GIVEN DATA Block Start
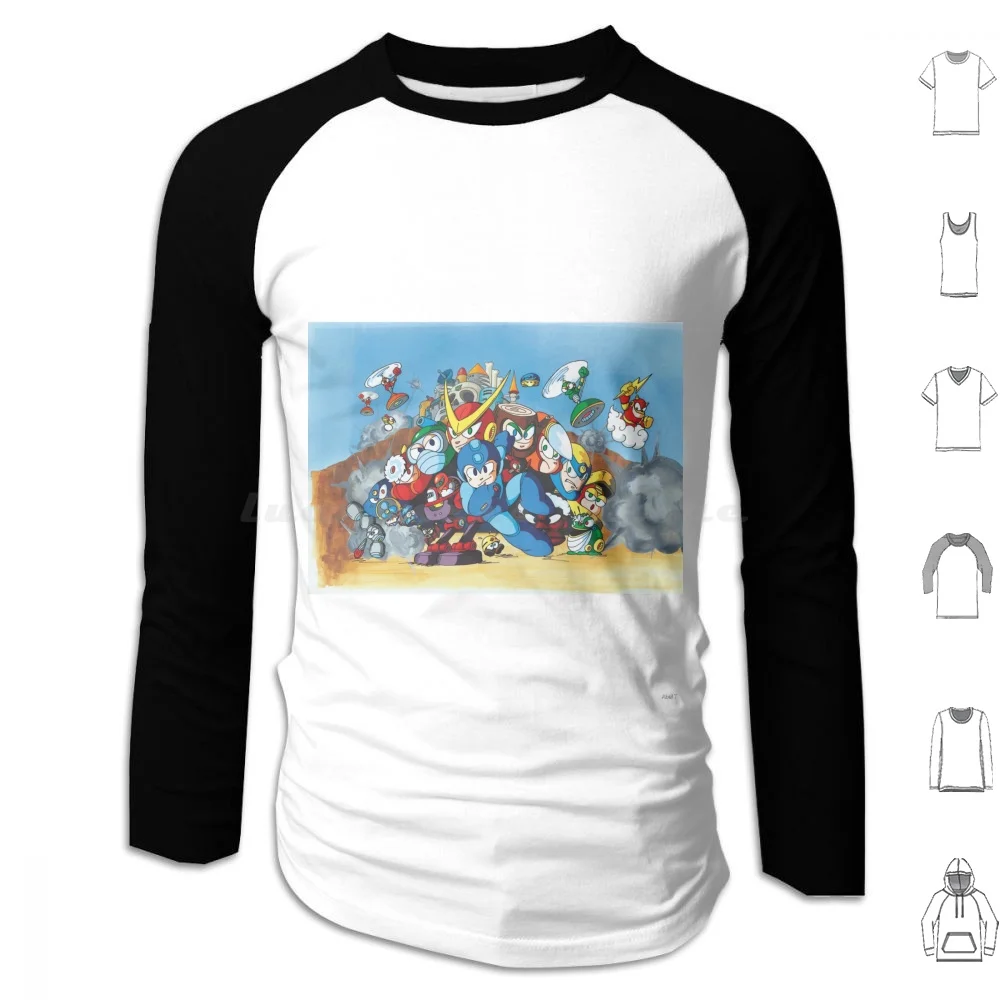 Sudadera con capucha clásica Megaman 2 de algodón de manga larga Megaman 2 Stage Select Megaman 2 Rockman 2 Rockman Megaman Mega Man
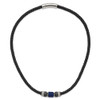 Lex & Lu Chisel Stainless Steel Blk IP Blue IP Blk Rubber Blk Leather Necklace - 5 - Lex & Lu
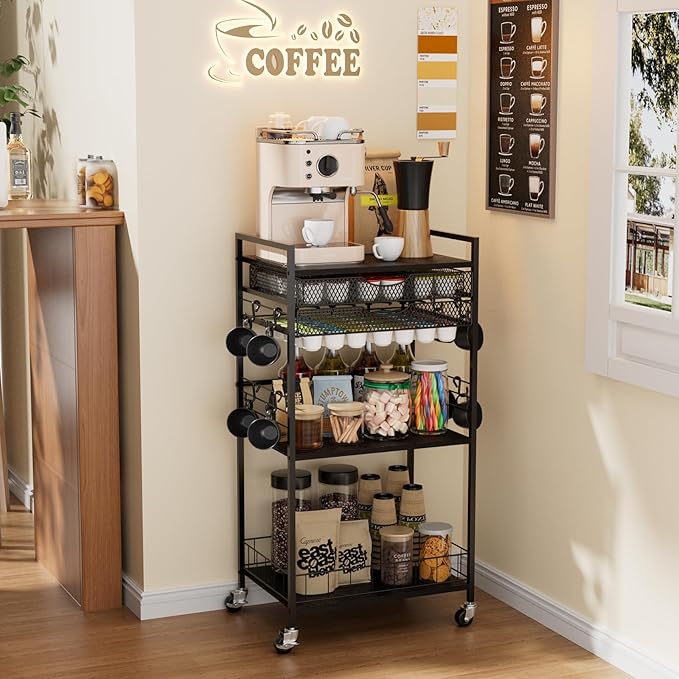 Coffee Bar Station with Storage Drawer - 5 Tier Coffee Table Countertop Organizer for K Cups, Tea Bags, Sugar Storage and Kitchen Cabinets (Black)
GIVEN DATA Block End
**TASK INSTRUCTIONS:** Lines from the one containing "Lex & Lu Chisel" through the end of the material above must be reproduced exactly; pictures must not be.

**PROBLEM SOLUTION:**
 Lex & Lu Chisel Stainless Steel Blk IP Blue IP Blk Rubber Blk Leather Necklace - 5 - Lex & Lu
 Coffee Bar Station with Storage Drawer - 5 Tier Coffee Table Countertop Organizer for K Cups, Tea Bags, Sugar Storage and Kitchen Cabinets (Black)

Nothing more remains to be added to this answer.